We may want ot add different test log/outputs to meat different IDE
expectation.

> Also, if you built a Windows application, I believe most developers who
> write C++ in Windows use Visual Studio. A Visual Studio addon might be
> more
> appropriate for them.

Yes. THat What I though it should look like.

> If I were doing this, I might try something like the following:
>
> Build a command line application that can:
>
> 1 - Run the unit tests that result from compiling a set of source files
> (equivalent to a [ run ../src/$(CPP).cpp ] in a Jamfile). I may not want
> to
> run all of my unit tests, and just want an interface to run those from one
> file.

1.34.0 includes boost_test_runner tool. It could be used to run test modules
build as DLLs. Test case selection support is planned for next release.
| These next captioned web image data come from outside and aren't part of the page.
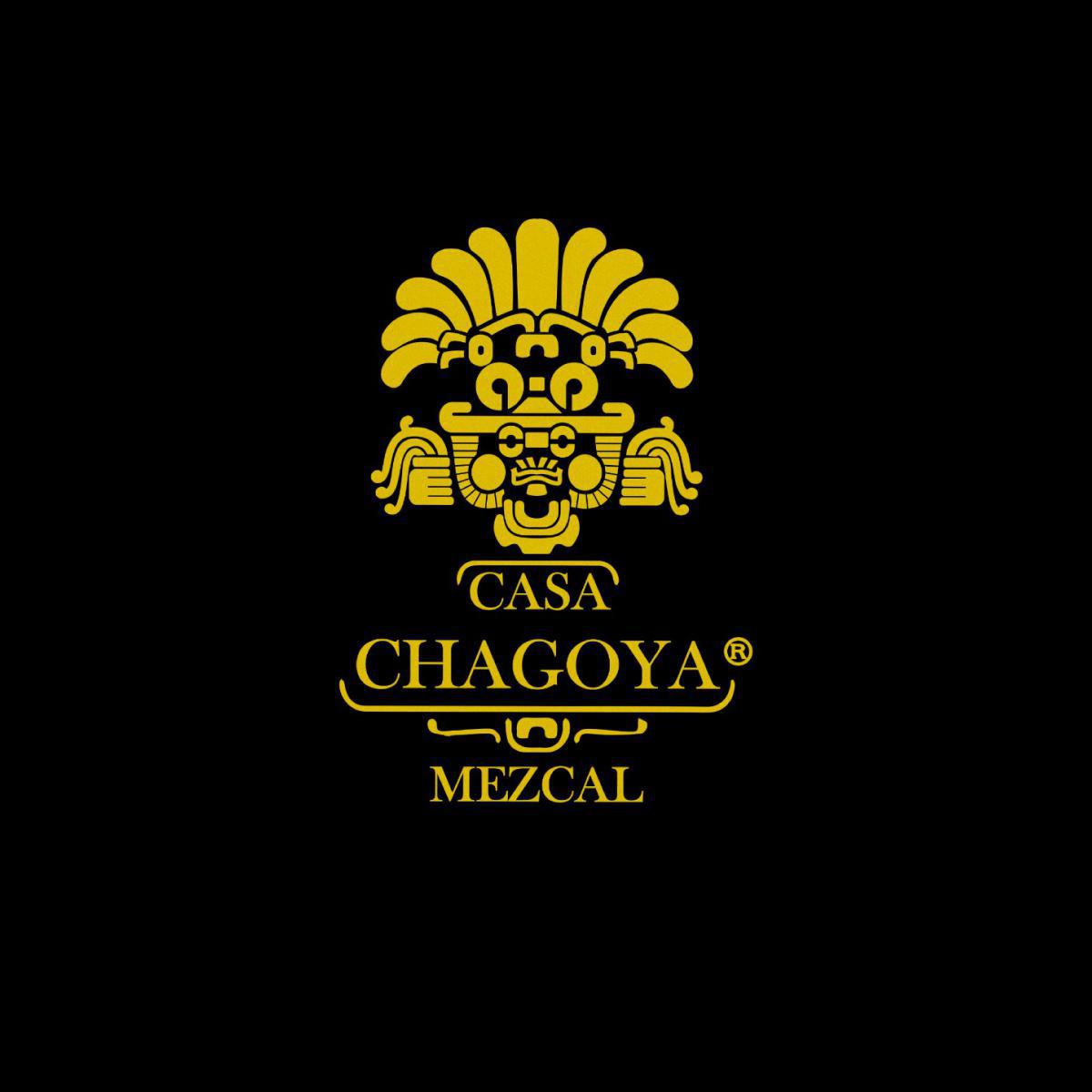 MEZCAL CASA CHAGOYA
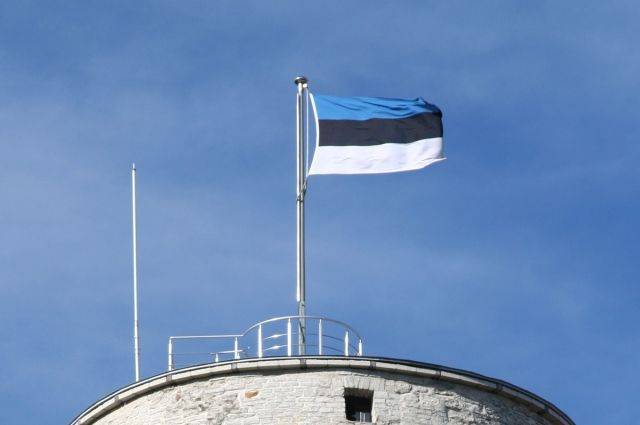 Глава МИД Эстонии требует продления антироссийских санкций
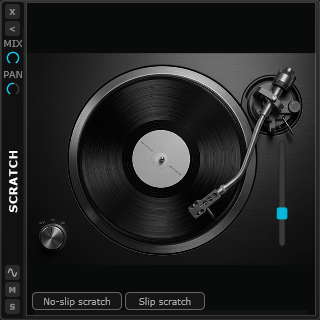 Scratch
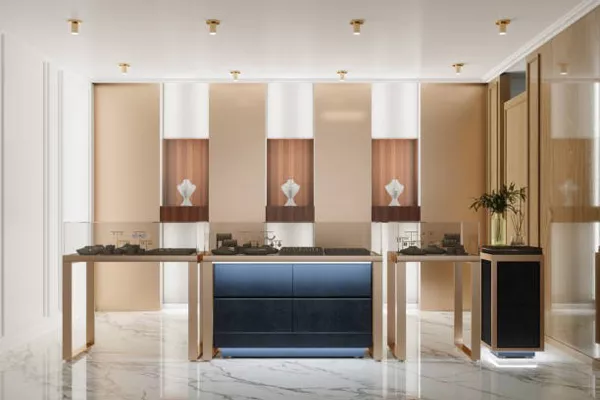 نکات ویژه نگهداری سنگ های قیمتی با حساسیت های مختلف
> 2 - Automatically add test cases.

test suites, fixtures etc

> 3 - Run in a loop where it repeatedly compiles and runs any unit tests
> whose
> source files have changed (I could have this open in a command window as I
> code, and see failing unit tests soon after I save my faulty code).
>
> And then build a Visual Studio addon that makes it possible to use this
> command line application from inside VS. It would parse the information,
> and
> display it to the user in useful ways, and allow the user to go straight
> to
> where tests failed, or just run a single file's unit tests.

I am ont sure that command line based addon is based approach. I would
rather do separate test runner as addon.